RECORDS SHOWN »

□ □ □ □ □ □ □

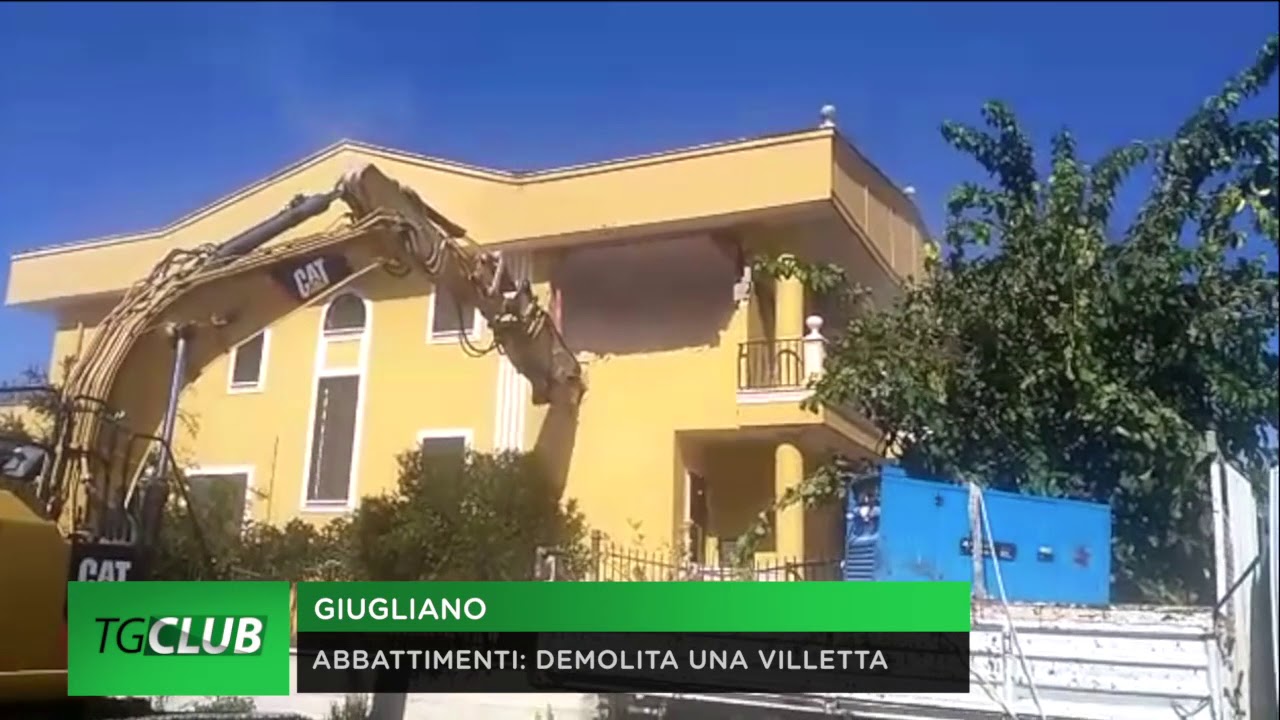 Abbattimenti, demolita villetta a Giugliano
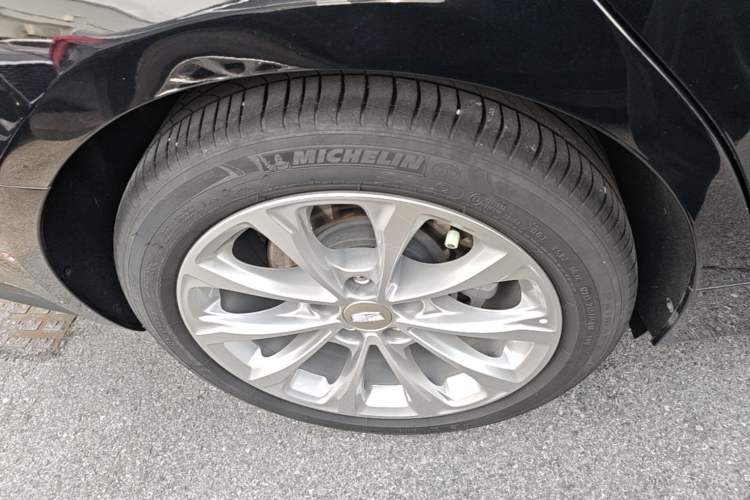 Used Cadillac CT5 2023 28T Luxury Edition (Standard Version) Right Rear Wheel Hub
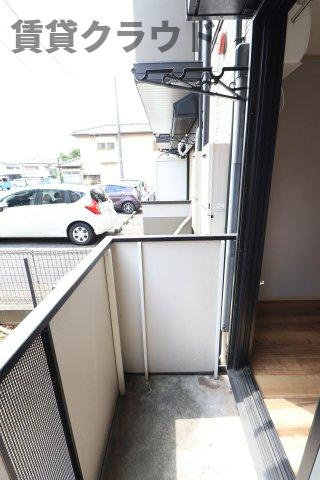 プリシェール稲荷町のバルコニー|お洗濯にも便利なバルコニー付き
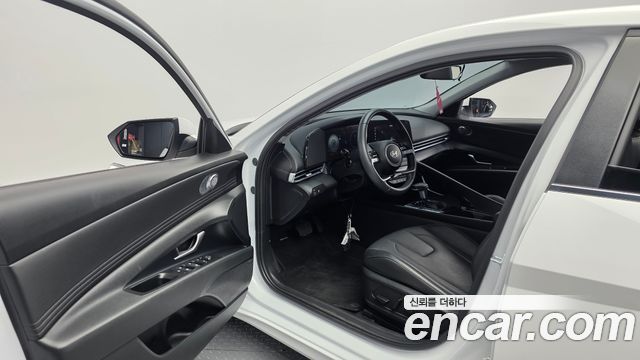 Hyundai AVANTE 2025 — photo 13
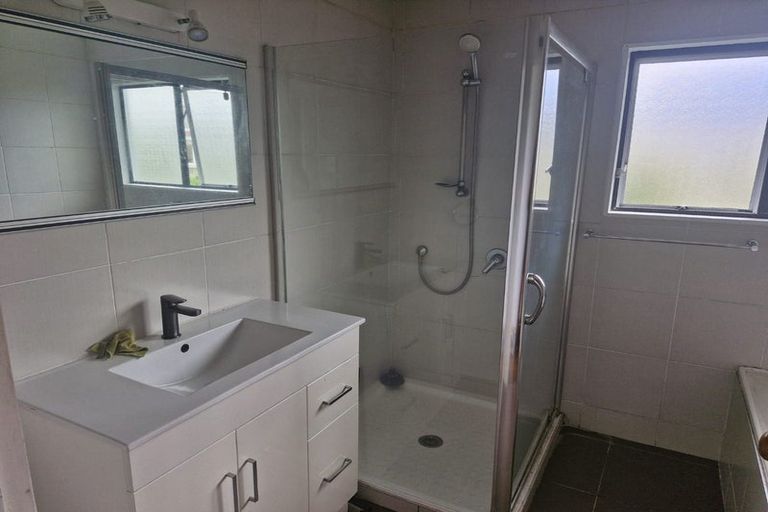 Photo of property in 2/27 Hutchinson Avenue, New Lynn, Auckland, 0600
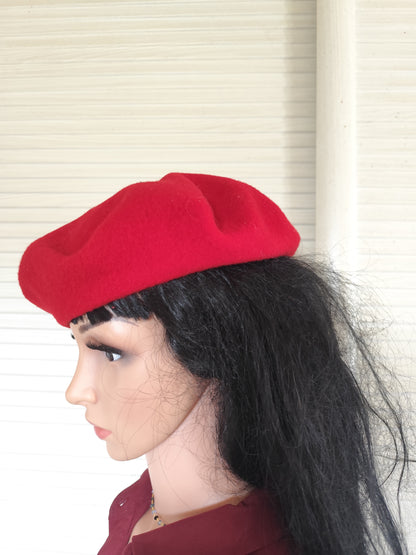 Béret classique en laine rouge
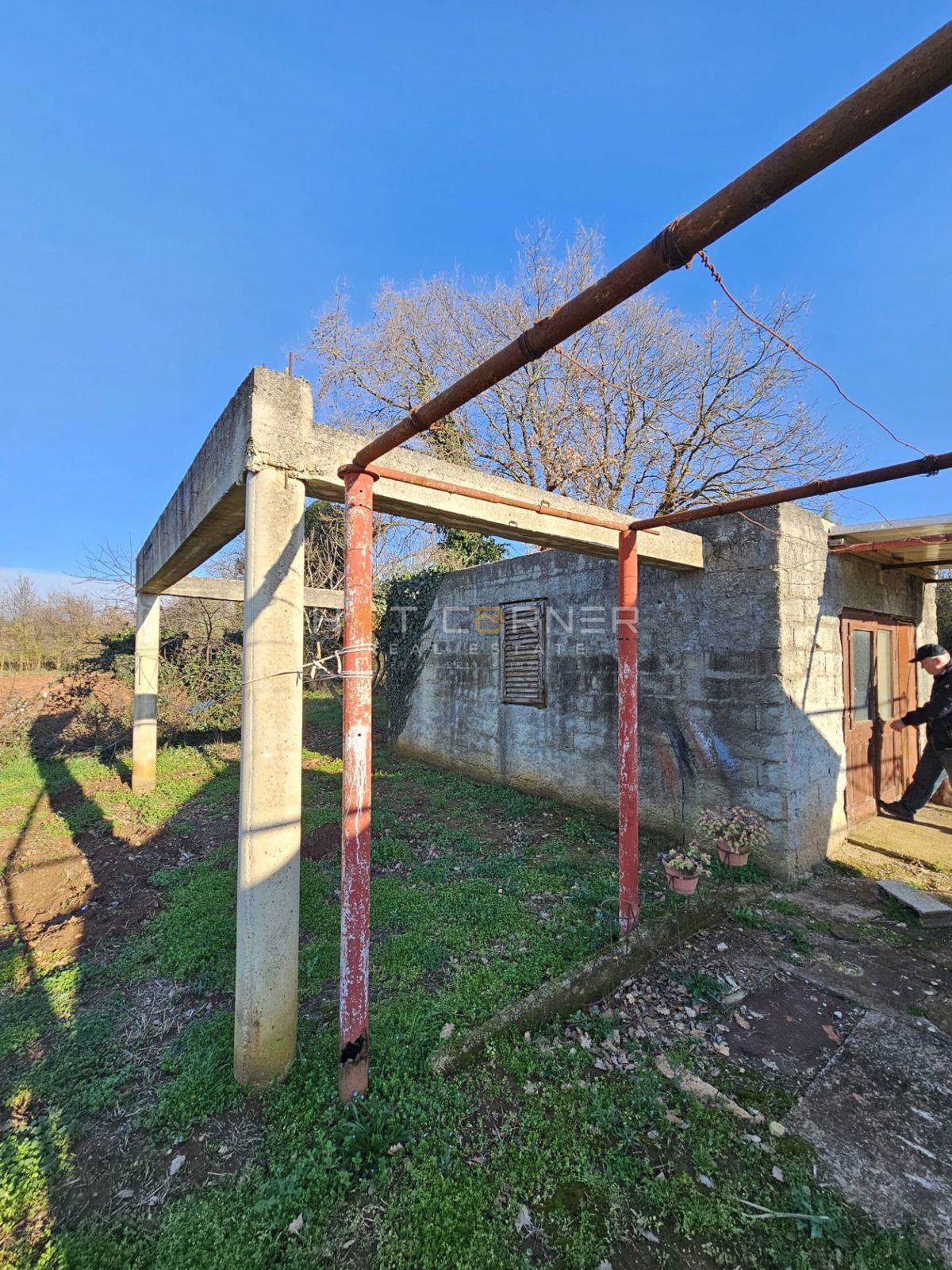 Casetta con Frutteto & Ulivi – Solo €150k a Banjole!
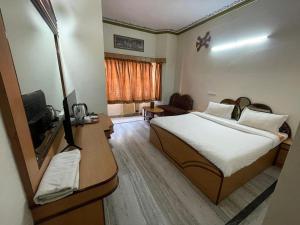 The Xpress A JHM Hotels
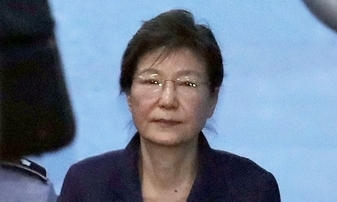 [한겨레 사설] 국민과 법치주의 모독한 박근혜씨의 정치보복론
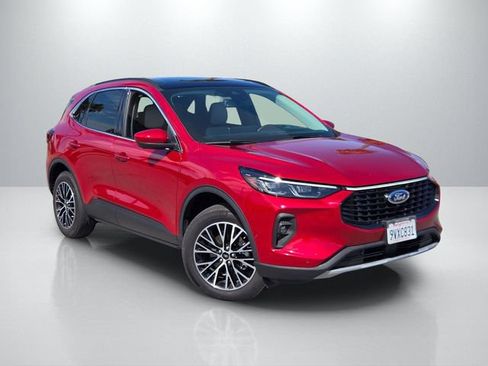 Used 2024 Ford Escape SE w/ PHEV Premium Package FWD image 1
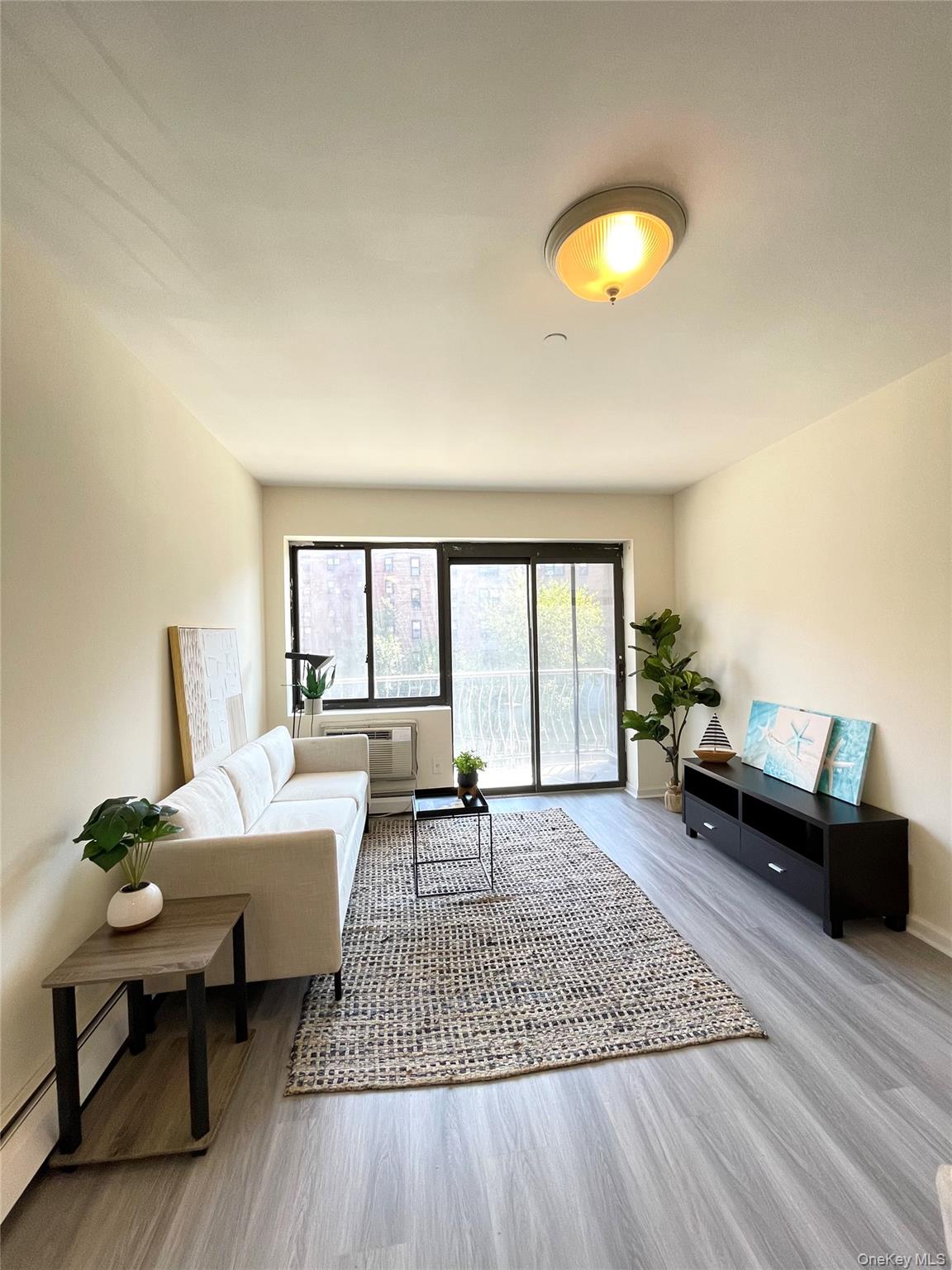 #4 photo, 144-48 Roosevelt Avenue, クイーンズ区 Flushing , NY 11354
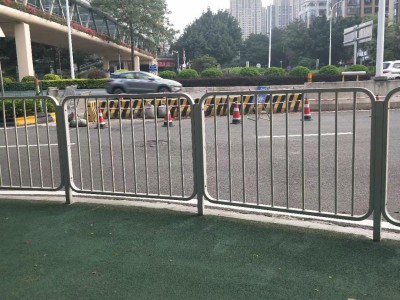 公路交通市政隔离栏厂家直供价工期短图1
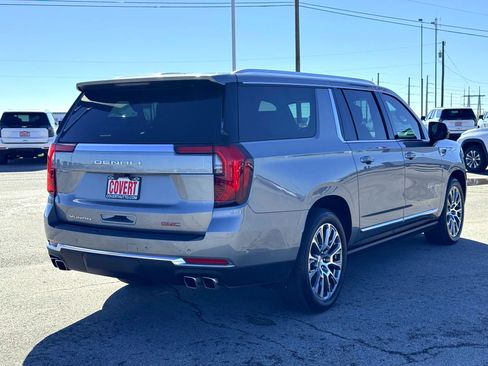 Used 2025 GMC Yukon XL Denali w/ Denali Reserve Package image 6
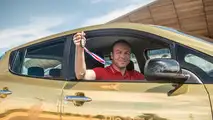 Nissan gold Leaf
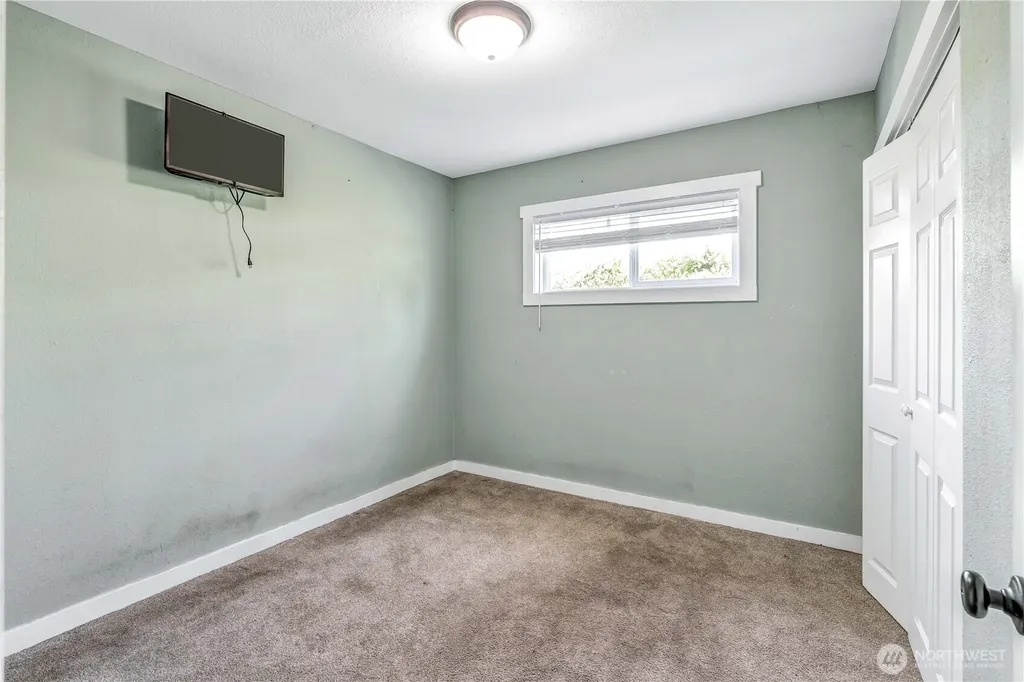 1629 7th Avenue Longview WA 98632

□ □ □ □ □ □ □

TASK REQUIREMENTS » Your task is to set down each line above verbatim while excluding the pictures.

OUTPUT BELOW »
 Abbattimenti, demolita villetta a Giugliano
 Used Cadillac CT5 2023 28T Luxury Edition (Standard Version) Right Rear Wheel Hub
 プリシェール稲荷町のバルコニー|お洗濯にも便利なバルコニー付き
 Hyundai AVANTE 2025 — photo 13
 Photo of property in 2/27 Hutchinson Avenue, New Lynn, Auckland, 0600
 Béret classique en laine rouge
 Casetta con Frutteto & Ulivi – Solo €150k a Banjole!
 The Xpress A JHM Hotels
 [한겨레 사설] 국민과 법치주의 모독한 박근혜씨의 정치보복론
 Used 2024 Ford Escape SE w/ PHEV Premium Package FWD image 1
 #4 photo, 144-48 Roosevelt Avenue, クイーンズ区 Flushing , NY 11354
 公路交通市政隔离栏厂家直供价工期短图1
 Used 2025 GMC Yukon XL Denali w/ Denali Reserve Package image 6
 Nissan gold Leaf
 1629 7th Avenue Longview WA 98632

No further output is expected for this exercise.